Etonnante manière, semble-t-il, que de célébrer la Conception Immaculée de Marie en proclamant l’évangile de la Conception de son Fils - l’Annonciation - mais saurions-nous faire autrement ? Toute la beauté mais aussi la difficulté de cette fête sont là : pour fêter la Conçue, il faut la contempler concevante ! L’Immaculée-Conception est ainsi une fête profondément théologique qui dit le salut offert à tous (ce qu’expriment les deux premières lectures de ce jour : le besoin et la prédestination universels au salut) mais admiré du point de vue de cet être singulier qu’est la Vierge Marie. Fête borderline, fête sublime, fête pour l’Avent, ainsi pouvons-nous vivre ce jour…

Parler de fête borderline, c’est parler comme un topologue de la théologie : il y a dans le dogme de l’Immaculée-Conception comme un passage à la limite (border), un peu comme on parle de la limite d’une suite ou d’une fonction. A partir des données de la foi et de l’Ecriture, il y a la perception de la convenance de la sainteté de Marie depuis toujours, c’est-à-dire en-deçà de toute purification, comme premier fruit du salut (« par une grâce venant déjà de la mort de ton Fils » dit l’oraison) avant même l’accomplissement de celui-ci : « rien n’est impossible à Dieu » ! C’est un passage à la limite du côté des origines tout comme l’Assomption est un passage à la limite du côté de la fin : tous deux disent que la grâce nous précède et nous devance toujours. Si je parle de fête borderline, c’est qu’elle demande des précautions particulières de langage et d’enracinement dans la totalité de la foi – l’histoire compliquée de la proclamation de ce dogme le montre bien. Car cette fête est sans appui scripturaire positif ; elle risque aussi de nous montrer Marie sans son Fils alors que c’est en raison de son Fils qu’elle est immaculée (« la fleur est fille de son fruit »). Car cette fête risque d’insister sur les privilèges de Marie en oubliant que sa singularité est au service du salut de tous ; elle risque aussi le langage négatif (préservée du péché, ce qui est une double négation) alors que, selon une algèbre théologique élémentaire, il s’agit d’une affirmation formidable : la beauté absolue de Marie. Bref, au risque d’apparaître désuète voire suspecte, la fête de ce jour nous renvoie au cœur de la foi. C’est pourquoi elle nous émerveille tant : le salut en le seul Christ, par la grâce seule et la prédestination universelle au salut et à la sainteté dont Marie est le modèle éminent.

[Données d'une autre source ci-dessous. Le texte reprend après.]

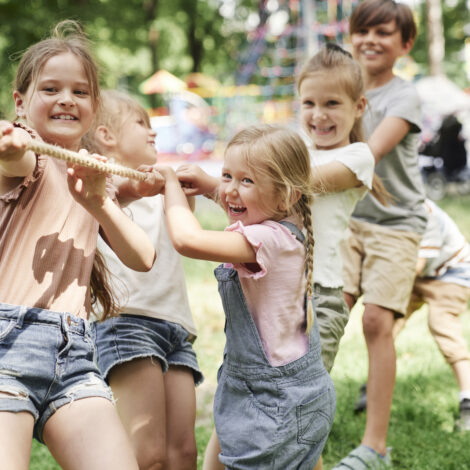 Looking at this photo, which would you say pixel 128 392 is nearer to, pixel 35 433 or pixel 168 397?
pixel 168 397

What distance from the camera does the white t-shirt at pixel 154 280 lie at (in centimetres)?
247

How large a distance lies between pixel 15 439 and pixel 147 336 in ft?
2.65

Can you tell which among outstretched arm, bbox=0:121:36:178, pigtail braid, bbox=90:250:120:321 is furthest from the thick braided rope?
pigtail braid, bbox=90:250:120:321

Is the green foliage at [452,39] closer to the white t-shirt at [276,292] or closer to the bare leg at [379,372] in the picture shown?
the bare leg at [379,372]

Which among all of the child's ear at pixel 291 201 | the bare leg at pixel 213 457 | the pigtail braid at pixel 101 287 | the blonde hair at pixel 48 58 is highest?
the blonde hair at pixel 48 58

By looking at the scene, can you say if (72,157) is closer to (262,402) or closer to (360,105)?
(262,402)

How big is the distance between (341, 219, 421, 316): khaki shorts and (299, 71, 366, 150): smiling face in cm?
65

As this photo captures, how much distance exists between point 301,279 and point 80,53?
3.18ft

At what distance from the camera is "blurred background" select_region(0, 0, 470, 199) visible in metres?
12.2

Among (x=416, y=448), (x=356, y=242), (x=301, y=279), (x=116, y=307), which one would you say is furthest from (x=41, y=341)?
(x=416, y=448)

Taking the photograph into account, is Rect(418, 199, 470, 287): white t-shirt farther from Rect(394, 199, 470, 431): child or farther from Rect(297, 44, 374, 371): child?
Rect(297, 44, 374, 371): child

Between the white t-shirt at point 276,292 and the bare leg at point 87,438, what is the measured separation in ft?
1.60

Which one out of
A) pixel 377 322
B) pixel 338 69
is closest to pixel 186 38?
pixel 377 322

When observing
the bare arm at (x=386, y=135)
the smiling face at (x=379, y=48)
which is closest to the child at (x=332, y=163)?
the bare arm at (x=386, y=135) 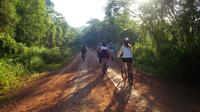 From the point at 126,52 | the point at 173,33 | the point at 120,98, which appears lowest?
the point at 120,98

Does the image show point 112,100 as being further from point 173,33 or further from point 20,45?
point 20,45

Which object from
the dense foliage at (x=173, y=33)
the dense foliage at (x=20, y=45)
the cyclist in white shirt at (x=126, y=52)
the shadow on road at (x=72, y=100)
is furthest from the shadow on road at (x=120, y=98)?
the dense foliage at (x=20, y=45)

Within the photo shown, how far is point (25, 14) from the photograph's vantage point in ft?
151

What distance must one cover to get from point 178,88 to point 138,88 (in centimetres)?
172

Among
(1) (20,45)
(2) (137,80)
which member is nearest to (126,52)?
(2) (137,80)

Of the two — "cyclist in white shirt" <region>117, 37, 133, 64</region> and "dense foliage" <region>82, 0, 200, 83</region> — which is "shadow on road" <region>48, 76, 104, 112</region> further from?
"dense foliage" <region>82, 0, 200, 83</region>

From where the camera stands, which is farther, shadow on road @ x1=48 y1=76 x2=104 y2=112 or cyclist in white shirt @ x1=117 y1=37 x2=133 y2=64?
cyclist in white shirt @ x1=117 y1=37 x2=133 y2=64

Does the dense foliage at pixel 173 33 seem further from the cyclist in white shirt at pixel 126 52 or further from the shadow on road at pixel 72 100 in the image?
the shadow on road at pixel 72 100

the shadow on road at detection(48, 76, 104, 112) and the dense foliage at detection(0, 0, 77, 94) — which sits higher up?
the dense foliage at detection(0, 0, 77, 94)

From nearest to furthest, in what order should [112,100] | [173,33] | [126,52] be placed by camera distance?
1. [112,100]
2. [126,52]
3. [173,33]

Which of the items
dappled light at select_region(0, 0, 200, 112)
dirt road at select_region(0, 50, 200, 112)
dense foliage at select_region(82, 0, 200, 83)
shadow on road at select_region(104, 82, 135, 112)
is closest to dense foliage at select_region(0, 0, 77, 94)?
dappled light at select_region(0, 0, 200, 112)

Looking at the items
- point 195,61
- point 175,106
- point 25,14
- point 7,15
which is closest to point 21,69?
point 7,15

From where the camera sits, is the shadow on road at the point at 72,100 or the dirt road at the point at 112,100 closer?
the dirt road at the point at 112,100

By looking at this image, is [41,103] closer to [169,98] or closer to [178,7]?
[169,98] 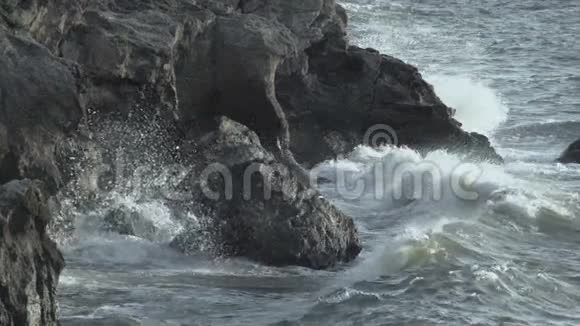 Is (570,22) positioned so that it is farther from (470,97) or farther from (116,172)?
(116,172)

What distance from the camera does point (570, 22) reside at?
41094mm

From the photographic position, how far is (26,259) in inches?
367

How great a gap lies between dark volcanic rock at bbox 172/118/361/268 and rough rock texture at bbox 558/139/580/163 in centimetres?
842

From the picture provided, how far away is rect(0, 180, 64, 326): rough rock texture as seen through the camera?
29.8 feet

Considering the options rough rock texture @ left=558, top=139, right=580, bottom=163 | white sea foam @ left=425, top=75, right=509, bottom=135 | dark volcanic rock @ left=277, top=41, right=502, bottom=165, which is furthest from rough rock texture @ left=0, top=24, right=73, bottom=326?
white sea foam @ left=425, top=75, right=509, bottom=135

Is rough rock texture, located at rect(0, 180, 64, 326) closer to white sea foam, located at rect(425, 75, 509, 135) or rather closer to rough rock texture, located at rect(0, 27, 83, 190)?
rough rock texture, located at rect(0, 27, 83, 190)

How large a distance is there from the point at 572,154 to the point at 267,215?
980cm

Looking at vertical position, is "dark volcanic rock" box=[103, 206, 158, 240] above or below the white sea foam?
below

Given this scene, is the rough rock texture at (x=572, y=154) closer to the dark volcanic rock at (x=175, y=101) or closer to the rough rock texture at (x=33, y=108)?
the dark volcanic rock at (x=175, y=101)

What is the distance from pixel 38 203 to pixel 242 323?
10.2ft

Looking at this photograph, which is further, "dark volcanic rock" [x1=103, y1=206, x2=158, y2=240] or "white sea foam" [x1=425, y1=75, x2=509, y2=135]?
"white sea foam" [x1=425, y1=75, x2=509, y2=135]

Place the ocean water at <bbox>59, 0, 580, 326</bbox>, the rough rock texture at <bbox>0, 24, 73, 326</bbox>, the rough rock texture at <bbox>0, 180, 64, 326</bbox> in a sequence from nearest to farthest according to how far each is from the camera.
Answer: the rough rock texture at <bbox>0, 180, 64, 326</bbox>
the ocean water at <bbox>59, 0, 580, 326</bbox>
the rough rock texture at <bbox>0, 24, 73, 326</bbox>

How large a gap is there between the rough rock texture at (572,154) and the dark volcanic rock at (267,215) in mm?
8422

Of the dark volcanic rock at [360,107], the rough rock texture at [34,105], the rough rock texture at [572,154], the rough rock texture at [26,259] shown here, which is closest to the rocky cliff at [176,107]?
the rough rock texture at [34,105] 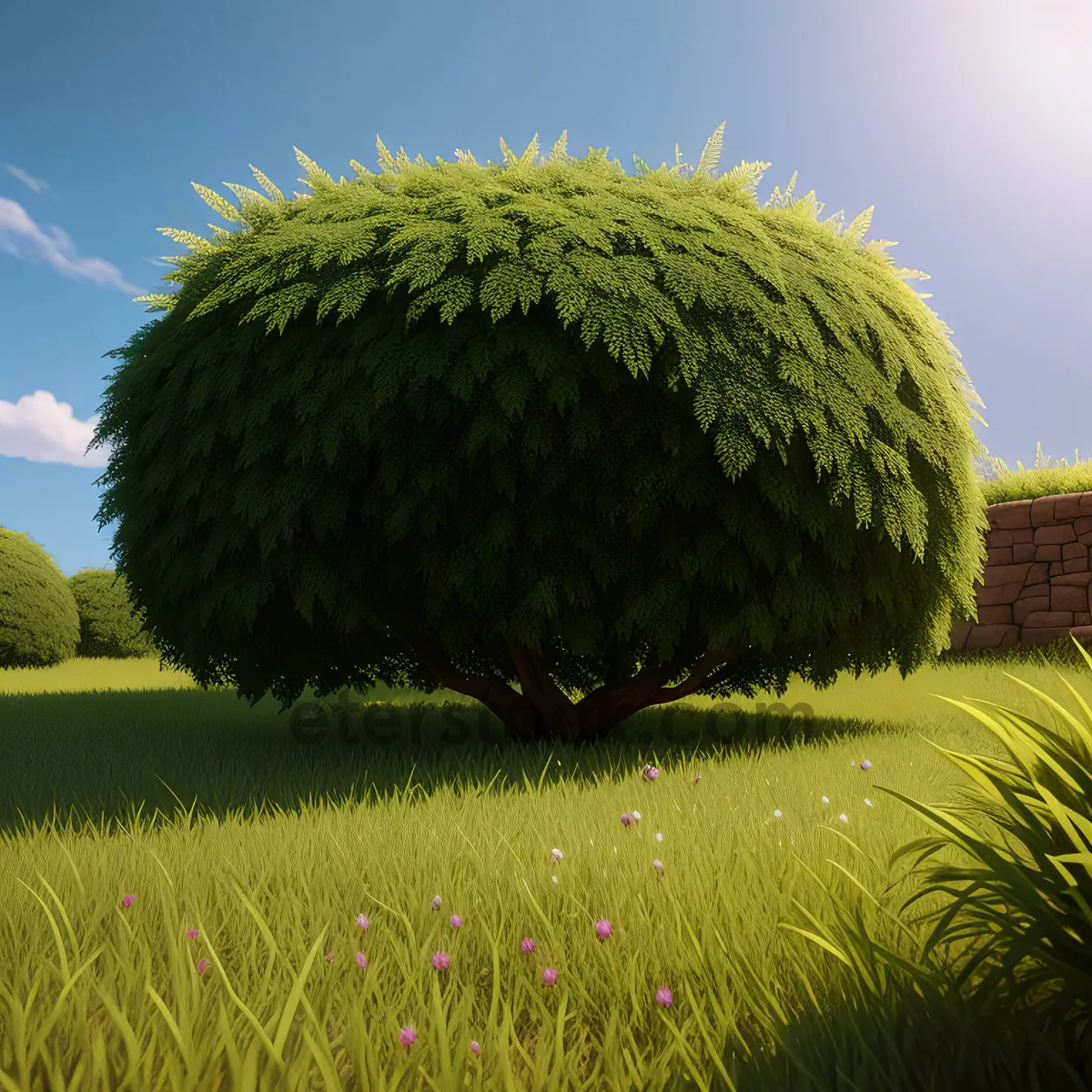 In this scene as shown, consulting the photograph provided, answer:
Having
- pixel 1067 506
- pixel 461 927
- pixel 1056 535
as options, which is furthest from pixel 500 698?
pixel 1067 506

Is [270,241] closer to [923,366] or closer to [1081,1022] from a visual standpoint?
[923,366]

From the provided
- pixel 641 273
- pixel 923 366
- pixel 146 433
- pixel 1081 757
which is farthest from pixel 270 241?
A: pixel 1081 757

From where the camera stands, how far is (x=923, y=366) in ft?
19.8

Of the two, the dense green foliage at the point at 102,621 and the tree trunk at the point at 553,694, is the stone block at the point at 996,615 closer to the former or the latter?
the tree trunk at the point at 553,694

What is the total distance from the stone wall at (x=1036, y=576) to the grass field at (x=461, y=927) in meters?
8.06

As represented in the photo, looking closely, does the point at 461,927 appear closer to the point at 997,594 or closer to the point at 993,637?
the point at 993,637

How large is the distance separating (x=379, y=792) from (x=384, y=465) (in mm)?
1891

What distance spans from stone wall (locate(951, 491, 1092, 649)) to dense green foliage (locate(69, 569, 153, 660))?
19.2 meters

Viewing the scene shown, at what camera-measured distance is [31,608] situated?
18.4 metres

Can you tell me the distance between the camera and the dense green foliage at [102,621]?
21609mm

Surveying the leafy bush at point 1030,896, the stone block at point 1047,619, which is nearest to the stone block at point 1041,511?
the stone block at point 1047,619

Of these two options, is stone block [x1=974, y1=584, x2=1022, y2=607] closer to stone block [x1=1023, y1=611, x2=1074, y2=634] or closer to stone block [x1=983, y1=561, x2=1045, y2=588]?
stone block [x1=983, y1=561, x2=1045, y2=588]

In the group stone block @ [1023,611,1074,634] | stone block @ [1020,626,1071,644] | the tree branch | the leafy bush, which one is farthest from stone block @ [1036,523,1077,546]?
the leafy bush

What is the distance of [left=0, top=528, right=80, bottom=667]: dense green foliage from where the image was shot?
1819cm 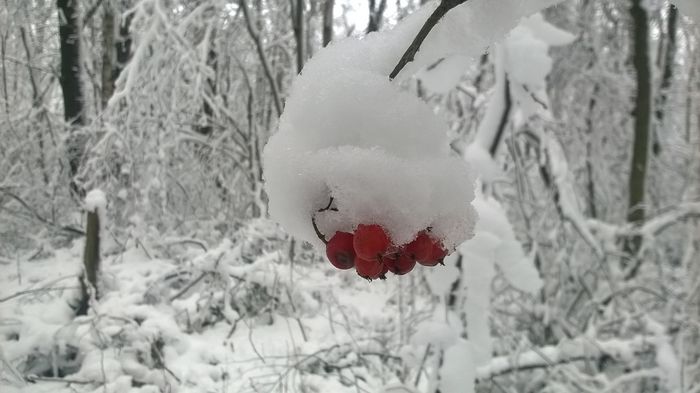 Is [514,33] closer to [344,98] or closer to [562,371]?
[344,98]

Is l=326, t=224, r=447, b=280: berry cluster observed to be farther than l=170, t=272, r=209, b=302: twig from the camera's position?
No

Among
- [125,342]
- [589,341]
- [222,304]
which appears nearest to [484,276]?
[589,341]

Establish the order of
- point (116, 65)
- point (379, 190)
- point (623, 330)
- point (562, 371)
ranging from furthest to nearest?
point (116, 65)
point (623, 330)
point (562, 371)
point (379, 190)

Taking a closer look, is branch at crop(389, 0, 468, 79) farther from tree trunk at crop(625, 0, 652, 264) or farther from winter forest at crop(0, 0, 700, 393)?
tree trunk at crop(625, 0, 652, 264)

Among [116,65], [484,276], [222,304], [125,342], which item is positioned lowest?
[222,304]

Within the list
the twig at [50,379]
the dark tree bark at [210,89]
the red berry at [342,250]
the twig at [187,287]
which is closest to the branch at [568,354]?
the twig at [187,287]

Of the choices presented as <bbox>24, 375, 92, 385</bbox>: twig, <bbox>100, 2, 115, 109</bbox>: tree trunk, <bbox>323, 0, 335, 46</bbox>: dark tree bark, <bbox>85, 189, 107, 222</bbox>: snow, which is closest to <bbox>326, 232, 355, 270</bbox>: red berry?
<bbox>24, 375, 92, 385</bbox>: twig

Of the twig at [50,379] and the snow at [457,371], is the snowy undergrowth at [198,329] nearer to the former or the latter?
the twig at [50,379]

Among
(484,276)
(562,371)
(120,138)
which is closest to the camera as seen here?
→ (484,276) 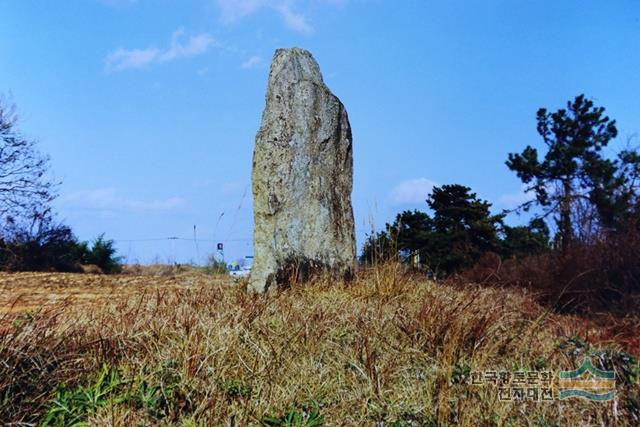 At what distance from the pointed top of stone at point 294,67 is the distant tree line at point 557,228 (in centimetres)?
177

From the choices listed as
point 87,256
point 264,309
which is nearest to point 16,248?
point 87,256

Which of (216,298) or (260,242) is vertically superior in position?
(260,242)

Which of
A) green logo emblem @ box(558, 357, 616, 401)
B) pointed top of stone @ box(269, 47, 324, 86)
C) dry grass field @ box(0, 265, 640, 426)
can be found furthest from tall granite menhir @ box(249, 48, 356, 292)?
green logo emblem @ box(558, 357, 616, 401)

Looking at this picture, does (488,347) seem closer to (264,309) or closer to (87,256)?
(264,309)

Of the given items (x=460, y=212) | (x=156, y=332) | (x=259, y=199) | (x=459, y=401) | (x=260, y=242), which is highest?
(x=460, y=212)

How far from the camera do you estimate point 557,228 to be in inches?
436

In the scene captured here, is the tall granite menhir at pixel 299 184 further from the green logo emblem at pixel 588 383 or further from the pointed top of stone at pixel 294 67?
the green logo emblem at pixel 588 383

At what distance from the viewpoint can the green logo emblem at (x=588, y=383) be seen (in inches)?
115

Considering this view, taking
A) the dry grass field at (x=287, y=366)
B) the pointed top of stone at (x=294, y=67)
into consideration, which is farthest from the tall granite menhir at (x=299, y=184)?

C’est ainsi qu’il faut aborder cette fête splendide : plus sous le mode du symbole que du concept, de l’admiration que de l’explication. « On a trop causé – on cause trop de la Vierge Marie. Toute cette emphase à son sujet la déflore et cette manie que l’on a de faire d’elle une exception la complique. Retournons à l’Immaculée-Conception de l’Evangile. La Vierge n’est pas dans le bavardage mais dans une espèce de silence dont le climat imprègne tout ce que l’on dit d’elle, lors même qu’on ne la nommerait pas et d’autant plus peut-être qu’on ne la nomme pas. Car la nommer, parfois, fait déjà trop de bruit » méditait un moine, théologien et poète, quelqu’un qui sait penser, qui sait parler et qui sait se taire… Oui, nous célébrons en ce jour la fête de la beauté, de la lumière et de la pureté et c’est dans la scène de l’Annonciation que nous contemplons la beauté de Marie. Je voudrais en souligner trois traits autant que l’on puisse décrire la lumière ou peindre la transparence. « Comblée de grâce » : c’est avant tout le choix de Dieu qui rend beau. Si la foi chrétienne a compris ce choix comme la singularité d’une Immaculée-Conception c’est pour nous dire, qu’au creux même des méandres de notre histoire souvent peu immaculée, notre beauté, notre dignité unique, réside pareillement dans le choix de Dieu de chacun d’entre nous : « choisi avant la création du monde » dit saint Paul. Deuxièmement, le trouble de Marie (« elle fut toute bouleversée ») dit sa pureté : contrairement à Adam et Eve, honteux de leur nudité et qui se cachent, Marie, la nouvelle Eve, est sans cachoterie ni honte. Dans notre scène évangélique, elle entre dans un dialogue comme transparent : comment cela va-t-il se faire ? Notre impureté est souvent notre peur qui se recroqueville, mutique et solitaire. Enfin son oui (« qu’il me soit fait selon ta Parole ») est comme l’anti-péché par excellence. Dans son cœur, le péché n’a pas de prise : il est au sens étymologique simple c’est-à-dire sans pli. Pour nous, notre simplicité a besoin de simplification mais Marie nous en montre le chemin et l’horizon. Bref, en Marie, nous contemplons la lumière transparente de son oui et la pureté absolue de son humilité. Sa beauté est celle de Dieu et celle de sa réponse : « je suis belle car j’aime » nous dit Marie.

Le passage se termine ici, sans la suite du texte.